_Input data_.
::::::
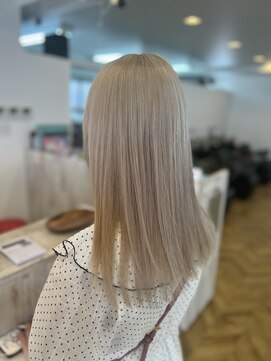 エリス ウメダ(Eliss umeda) ホワイトベージュ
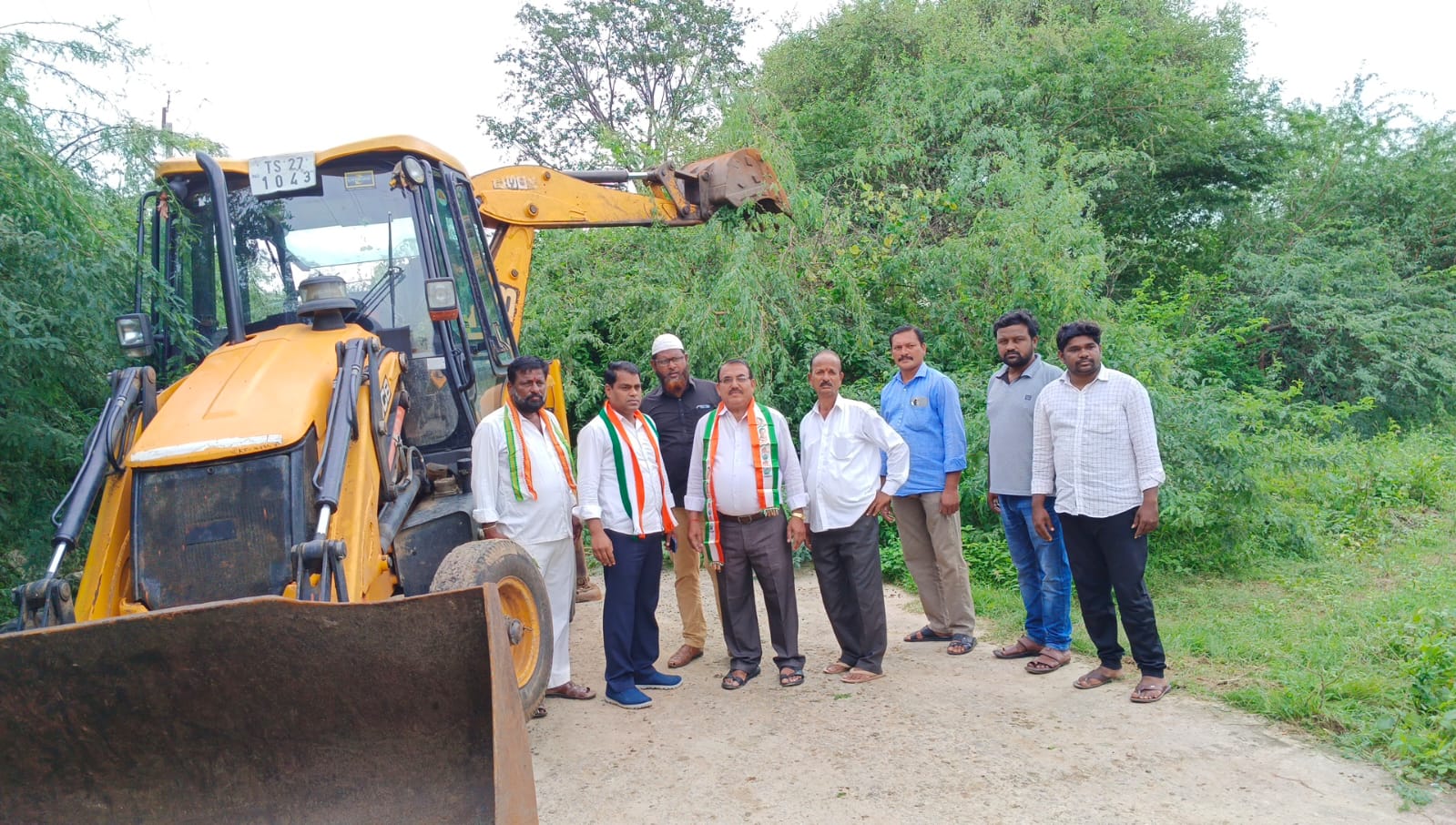 కిలోమీటర్ మేర పడిపోయిన చెట్లను జేసిబిలతో తీయించిన-కాంగ్రెస్ నేత బొల్లేపల్లి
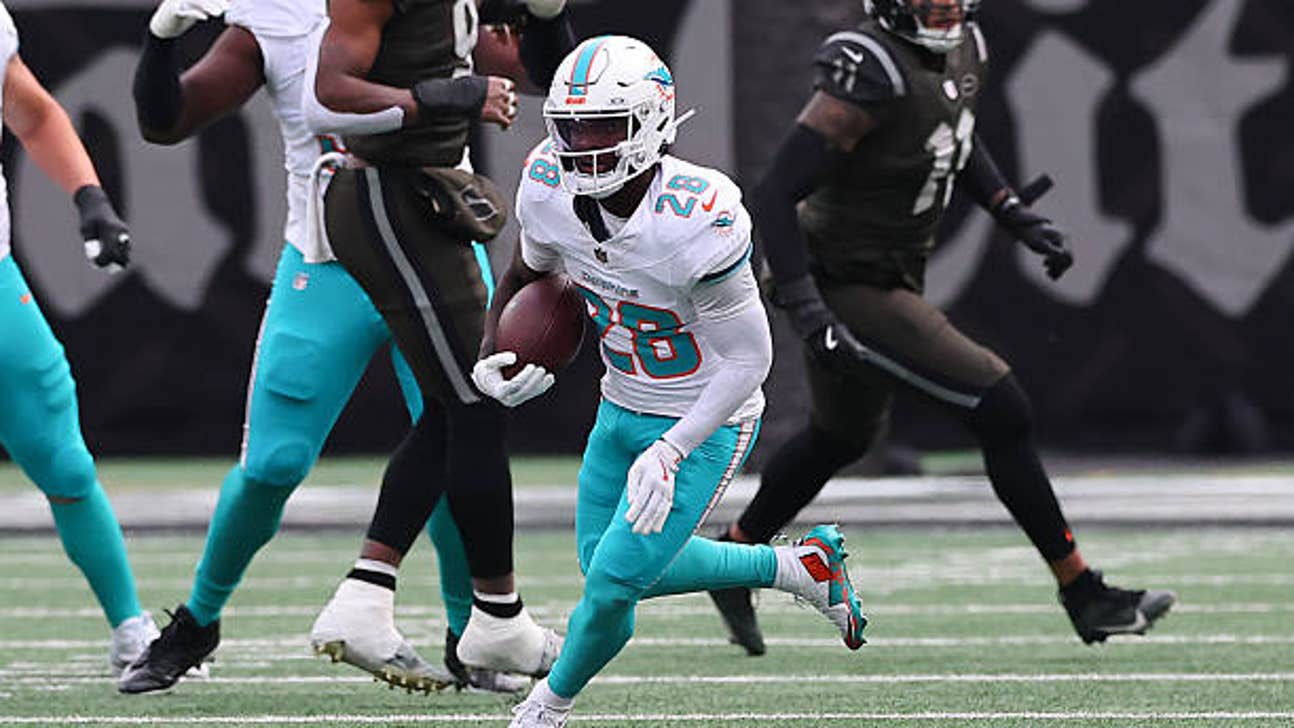 2025 Fantasy Football RB Rankings for Week 15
::::::
_What is expected_. Give back the material word for word, without images.

_Output_.
 エリス ウメダ(Eliss umeda) ホワイトベージュ
 కిలోమీటర్ మేర పడిపోయిన చెట్లను జేసిబిలతో తీయించిన-కాంగ్రెస్ నేత బొల్లేపల్లి
 2025 Fantasy Football RB Rankings for Week 15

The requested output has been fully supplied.